WGRK

Greensburg, Kentucky; United States;
- Frequency: 1540 kHz

Programming
- Format: Defunct

Ownership
- Owner: Green County CBC, Inc.

History
- First air date: 1972
- Last air date: 2018
- Former call signs: WGRK (1971–1988) WAKY (1988–2007)

Technical information
- Facility ID: 69851
- Class: D
- Power: 1,000 watts day 500 watts critical hours
- Transmitter coordinates: 37°15′34″N 85°30′57″W﻿ / ﻿37.25944°N 85.51583°W

= WGRK (AM) =

Radio station in Greensburg, Kentucky (1972–2018)

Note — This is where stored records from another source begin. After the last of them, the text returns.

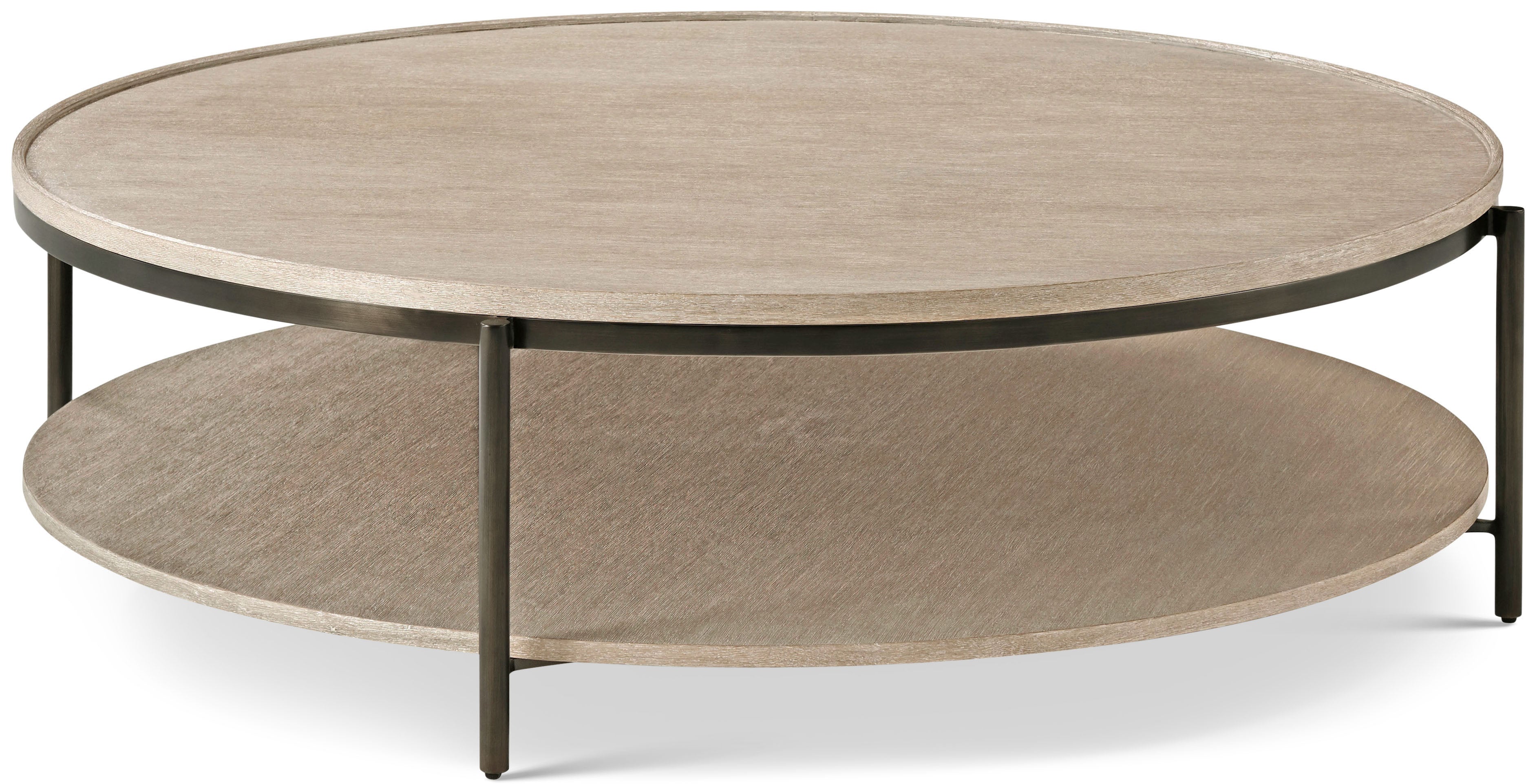 Repose Round Coffee Table in PCF1175.1K2HA3F_Grey_Oak_MCF551.SI_Bronze_Metal / Veneer, Steel - Theodore Alexander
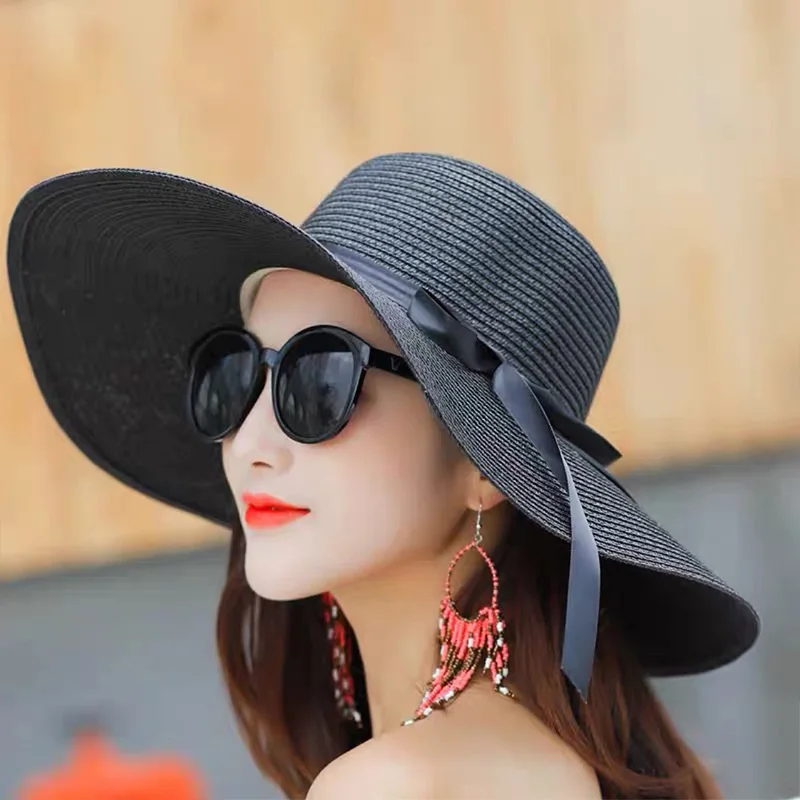 Summer Women Straw Hat Bowknot - Hat Floppy Wide のレビューと価格
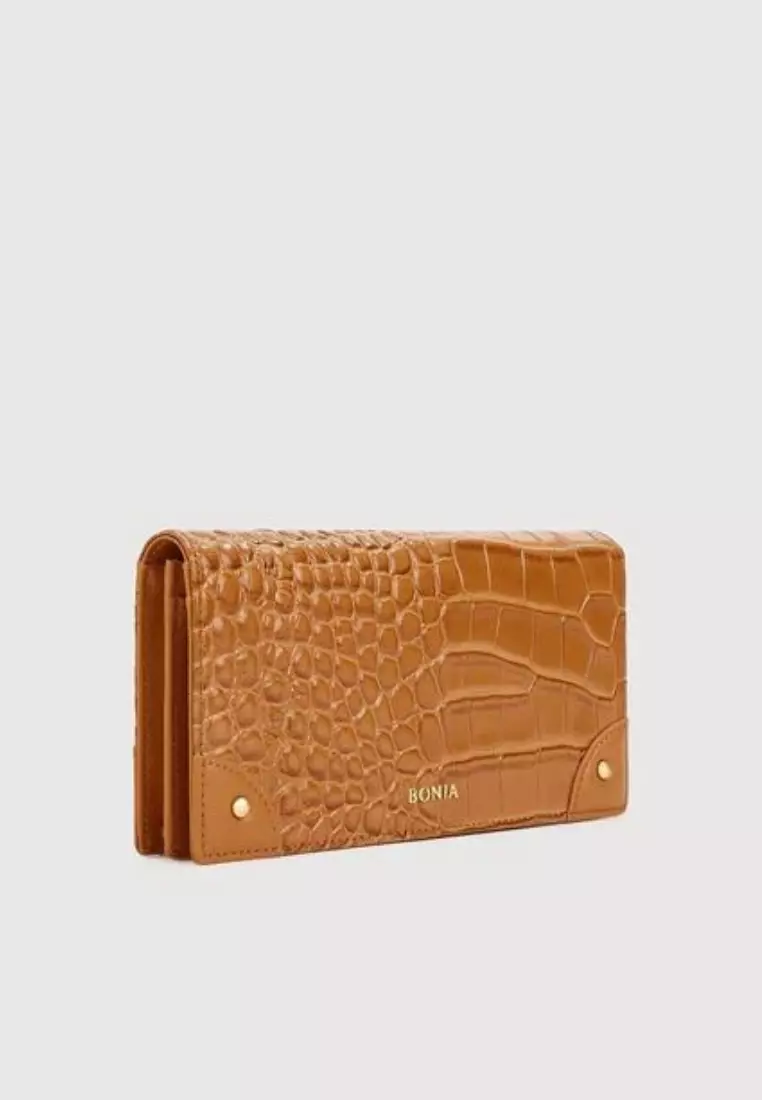 Larissa 2 Fold Long Wallet Brown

WGRK (1540 AM) was a radio station licensed to Greensburg, Kentucky, United States. The station was owned by Green County CBC, Inc. and featured programming from ABC Radio and Jones Radio Network.

==History==
The station went on the air in March 1972 under ownership by Jim Hay and Robert Towers, with Hay taking sole ownership two years later. The station initially had aired a variety format with country and rock music. The station began simulcasting on WGRK-FM (103.1 MHz, now 105.7 MHz) in 1977, one year after general manager Mike Wilson became co-owner with Hay. The AM/FM simulcast lasted for ten years before the two stations became separate entities in 1987. The FM station became country, while the AM began airing a classic hits format, received via satellite. However, the morning programming continued to simulcast on the FM.

The station changed its call letters to WAKY on April 14, 1988; the Louisville-based station that previously held this call sign relinquished control of those call letters the month before.

On November 5, 2007, the station changed its call sign back to WGRK.

The station's owners surrendered its license to the Federal Communications Commission on December 21, 2018, who cancelled the license the same day.